(Short text fragments from websites)
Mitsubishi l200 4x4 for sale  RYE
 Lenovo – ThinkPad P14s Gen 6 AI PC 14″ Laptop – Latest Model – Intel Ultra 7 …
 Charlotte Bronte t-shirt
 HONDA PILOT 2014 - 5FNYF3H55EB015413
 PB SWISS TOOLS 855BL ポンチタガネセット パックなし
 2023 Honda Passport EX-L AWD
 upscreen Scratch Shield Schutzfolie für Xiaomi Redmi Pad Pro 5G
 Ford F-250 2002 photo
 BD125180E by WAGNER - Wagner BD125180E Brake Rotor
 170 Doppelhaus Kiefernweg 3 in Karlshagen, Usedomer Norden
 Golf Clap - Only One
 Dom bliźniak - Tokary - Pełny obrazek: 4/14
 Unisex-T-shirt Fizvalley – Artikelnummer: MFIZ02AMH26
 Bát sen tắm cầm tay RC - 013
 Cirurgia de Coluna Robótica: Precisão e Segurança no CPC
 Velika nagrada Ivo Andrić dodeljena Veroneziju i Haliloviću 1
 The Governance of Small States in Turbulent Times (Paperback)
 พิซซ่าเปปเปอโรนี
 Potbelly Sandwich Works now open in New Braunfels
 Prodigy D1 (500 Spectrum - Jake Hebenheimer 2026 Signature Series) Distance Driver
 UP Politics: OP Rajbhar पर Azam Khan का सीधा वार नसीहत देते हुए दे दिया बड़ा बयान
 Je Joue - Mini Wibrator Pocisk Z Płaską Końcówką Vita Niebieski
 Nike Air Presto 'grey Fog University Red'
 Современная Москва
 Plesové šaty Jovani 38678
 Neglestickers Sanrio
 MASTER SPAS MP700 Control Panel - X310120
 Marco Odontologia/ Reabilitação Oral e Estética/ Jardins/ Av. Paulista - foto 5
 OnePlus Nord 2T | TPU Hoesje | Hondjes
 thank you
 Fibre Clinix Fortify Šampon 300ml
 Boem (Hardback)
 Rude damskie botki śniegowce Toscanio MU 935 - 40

Exercise aim: All the entries should be written out again precisely.

Result for this task:
Mitsubishi l200 4x4 for sale  RYE
 Lenovo – ThinkPad P14s Gen 6 AI PC 14″ Laptop – Latest Model – Intel Ultra 7 …
 Charlotte Bronte t-shirt
 HONDA PILOT 2014 - 5FNYF3H55EB015413
 PB SWISS TOOLS 855BL ポンチタガネセット パックなし
 2023 Honda Passport EX-L AWD
 upscreen Scratch Shield Schutzfolie für Xiaomi Redmi Pad Pro 5G
 Ford F-250 2002 photo
 BD125180E by WAGNER - Wagner BD125180E Brake Rotor
 170 Doppelhaus Kiefernweg 3 in Karlshagen, Usedomer Norden
 Golf Clap - Only One
 Dom bliźniak - Tokary - Pełny obrazek: 4/14
 Unisex-T-shirt Fizvalley – Artikelnummer: MFIZ02AMH26
 Bát sen tắm cầm tay RC - 013
 Cirurgia de Coluna Robótica: Precisão e Segurança no CPC
 Velika nagrada Ivo Andrić dodeljena Veroneziju i Haliloviću 1
 The Governance of Small States in Turbulent Times (Paperback)
 พิซซ่าเปปเปอโรนี
 Potbelly Sandwich Works now open in New Braunfels
 Prodigy D1 (500 Spectrum - Jake Hebenheimer 2026 Signature Series) Distance Driver
 UP Politics: OP Rajbhar पर Azam Khan का सीधा वार नसीहत देते हुए दे दिया बड़ा बयान
 Je Joue - Mini Wibrator Pocisk Z Płaską Końcówką Vita Niebieski
 Nike Air Presto 'grey Fog University Red'
 Современная Москва
 Plesové šaty Jovani 38678
 Neglestickers Sanrio
 MASTER SPAS MP700 Control Panel - X310120
 Marco Odontologia/ Reabilitação Oral e Estética/ Jardins/ Av. Paulista - foto 5
 OnePlus Nord 2T | TPU Hoesje | Hondjes
 thank you
 Fibre Clinix Fortify Šampon 300ml
 Boem (Hardback)
 Rude damskie botki śniegowce Toscanio MU 935 - 40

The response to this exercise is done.